Tyriece Travon Watson, better known as rapper Lor Scoota, was working hard to try to stop violence in his hometown of Baltimore.
Tragically, just a short while after leaving a charity basketball game he had hosted to promote such peace, Lor Scoota was shot and killed, the Washington Post reports.
According to the report, police say the up-and-coming rapper was in transit at 6:56 p.m. Saturday when an unknown man wearing a white bandanna stepped into the street and started shooting into Lor Scoota's car.
Lor Scoota, 23, was rushed to the hospital but did not survive. According to the Post, investigators are looking into the shooting as a targeted attack.

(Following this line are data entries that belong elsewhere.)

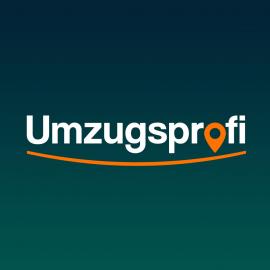 Professionelle Umzugsplanung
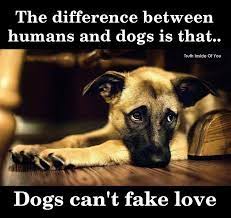 The Difference Between Humans And Dogs Is That Dogs Can T Fake Love Dogs Dog Quotes Cute Dogs Images
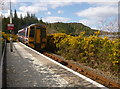 Train leaving Duncraig station in IV52 8TZ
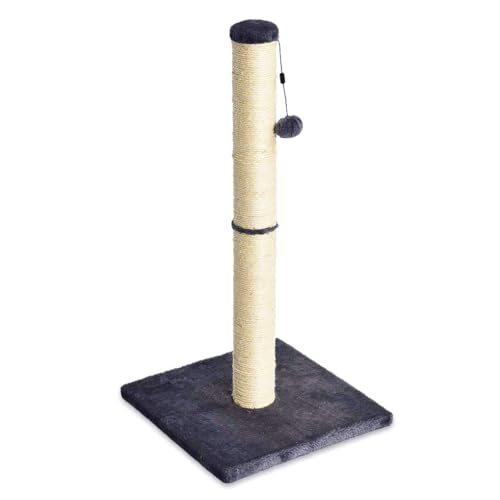 Amazon Basics Cat Scratcher - Indoor Classic Single Cat & Kittens Scratching Post, Medium (31.5'H) - Grey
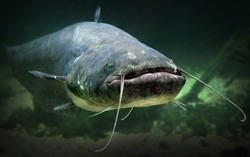 Underwater photo of The Catfish (Silurus Glanis). Biggest predatory fish in European lakes and river. 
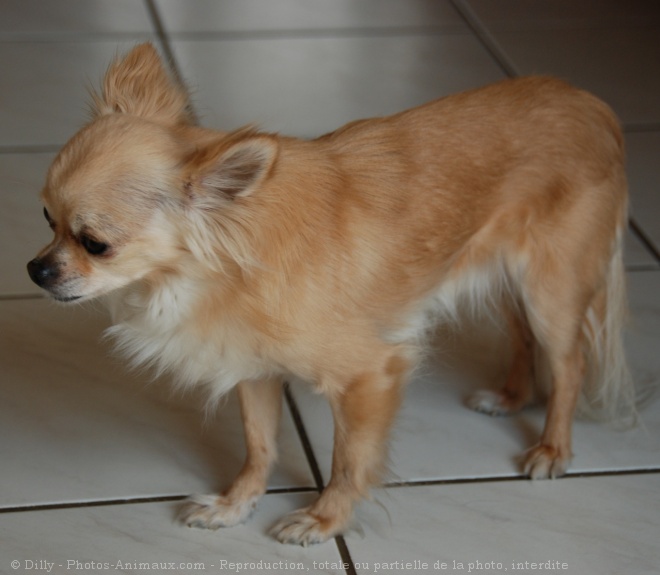 Photo de Chihuahua  poil long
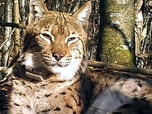 Replay ARTE Regards - La réintroduction du lynx fait débat en Europe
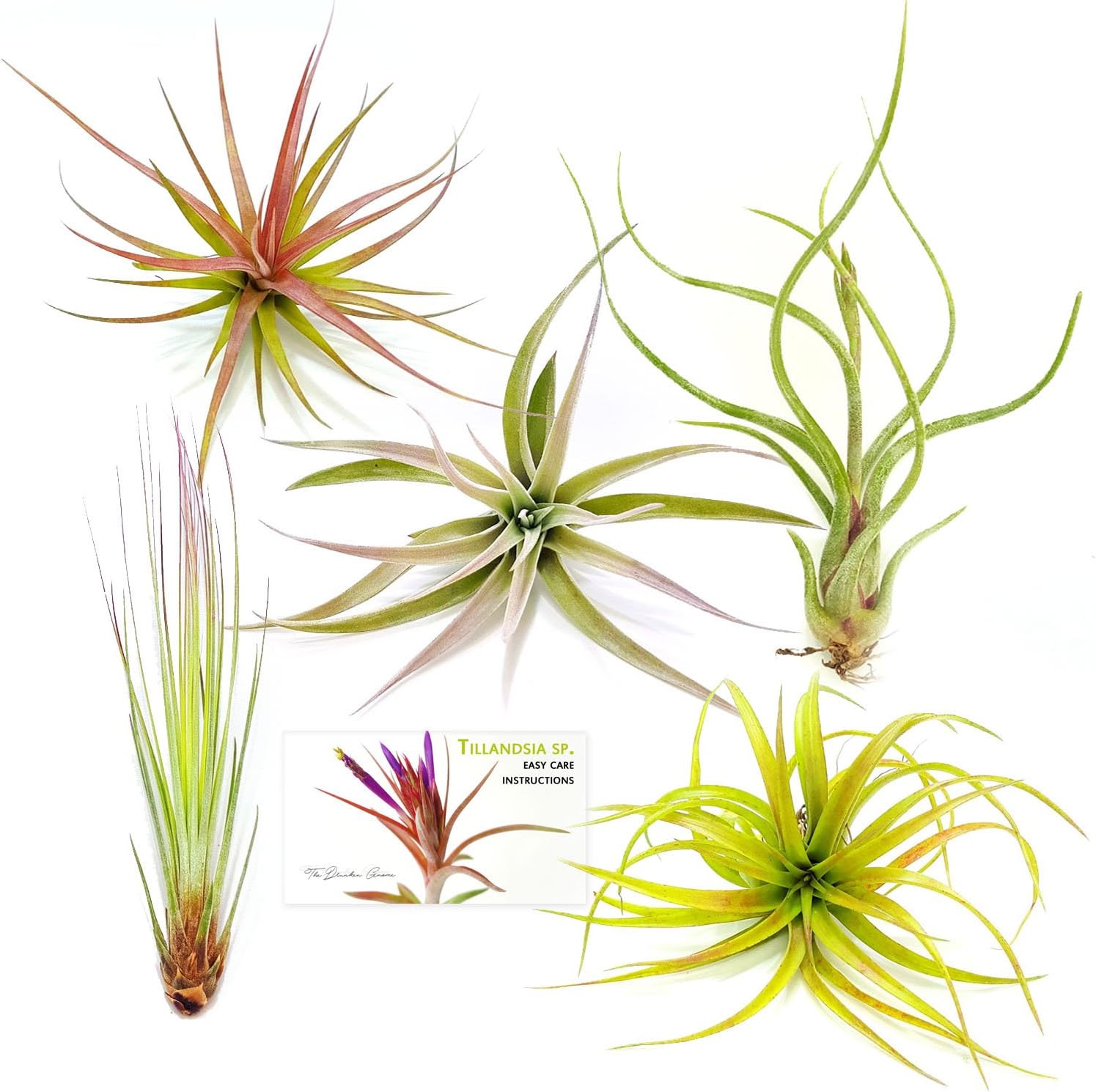 The Drunken Gnome TDG Assorted Tillandsia Air Plants, Pack of 5, Large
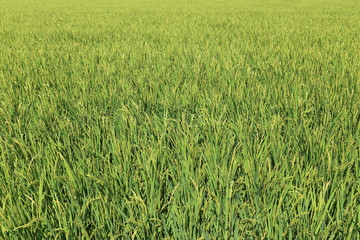Rice field in Okayama,Japan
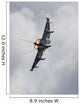 German Eurofighter with Full Wall Decal
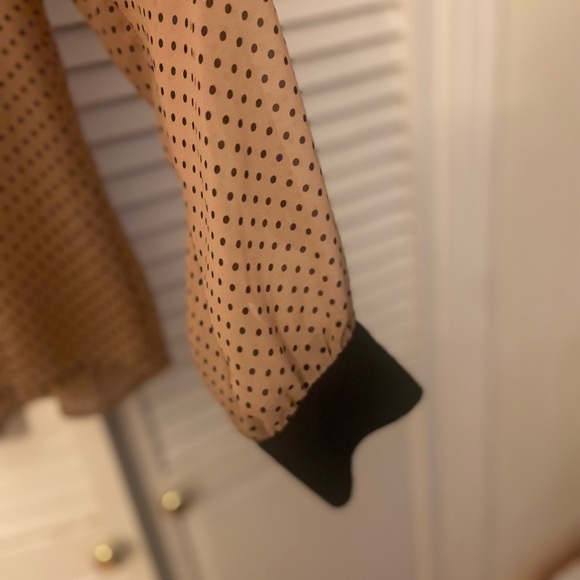 Long sleeve polka dot sheer button down shirt - Picture 5 of 9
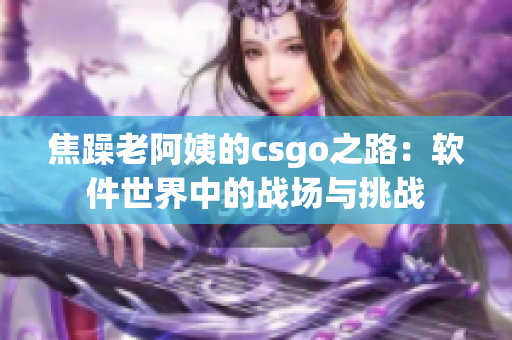 焦躁老阿姨的csgo之路：软件世界中的战场与挑战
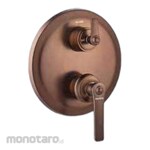 Paloma Single Lever Concealed 5-Way Bath/Shower Mixer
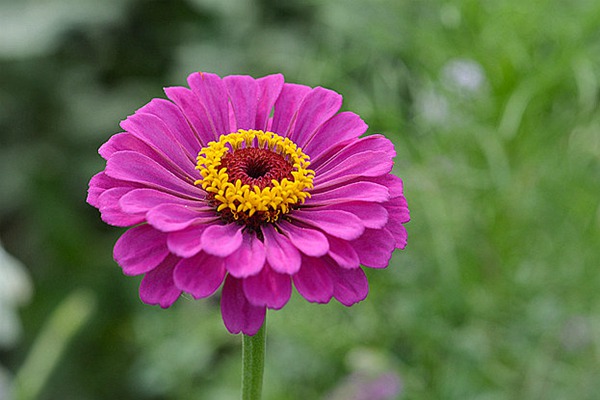 百日菊 百日菊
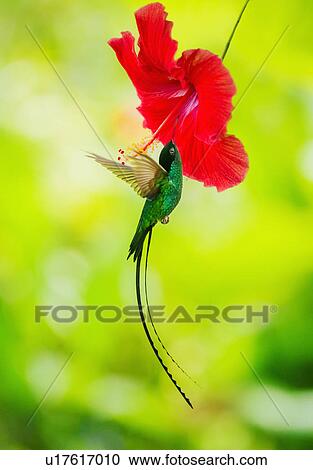 Stock Image - Hummingbird feeding with flower nectar. Fotosearch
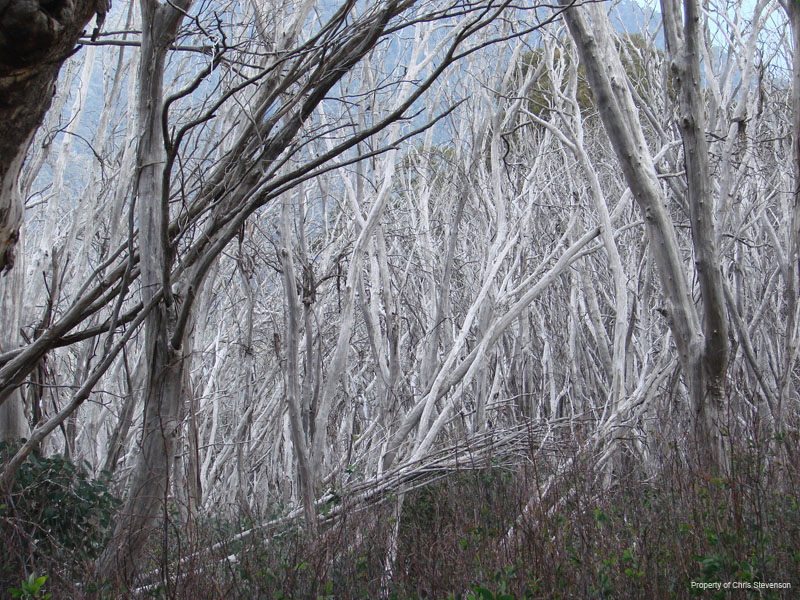 H. Snow Gums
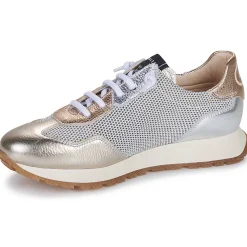 Hispanitas - KANSAS-CHV25386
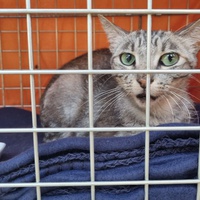 photo de livraison pour Les Chats Libres de Montfrin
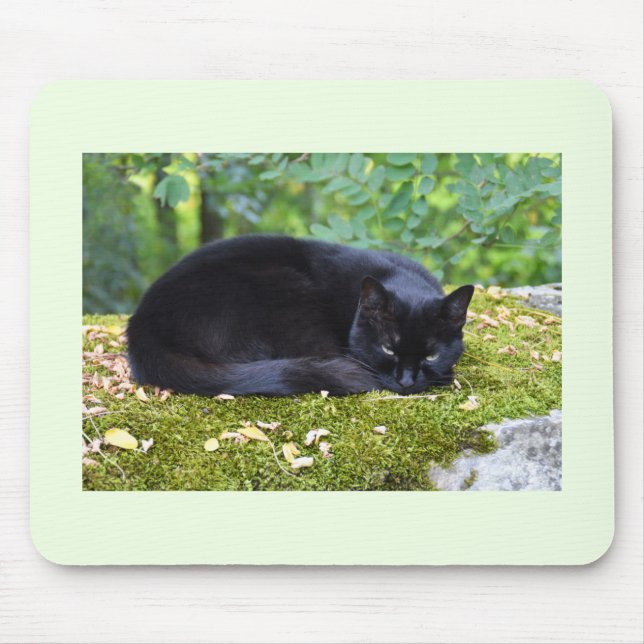 Alfombrilla De Ratón Sooty (Frente)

“We have to be tired of this. Can #Scoota be a wake up call for us?” police spokesman T.J. Smith tweeted. “He entertained many, now gone, just like that. We are better than this.”
Beloved in his hometown, Lor Scoota had a song in 2014, "Bird Flu," that had dozens of Baltimore residents doing the "Bird Flu dance," the Post notes. But he wasn't just an up-and-coming icon in pop culture. His voice was one of those promoting nonviolence after the death of Freddie Gray, "expressing understanding for those that were angry but also encouraging peace."
He spoke to Baltimore youth on a panel organized by Baltimore City Councilman Nick Mosby, husband of Baltimore City State's Attorney Marilyn Mosby, who charged six police officers in connection with Gray's death.
Lor Scoota also cared about the kids, the Post notes. Just last month he read to elementary school children about Martin Luther King Jr.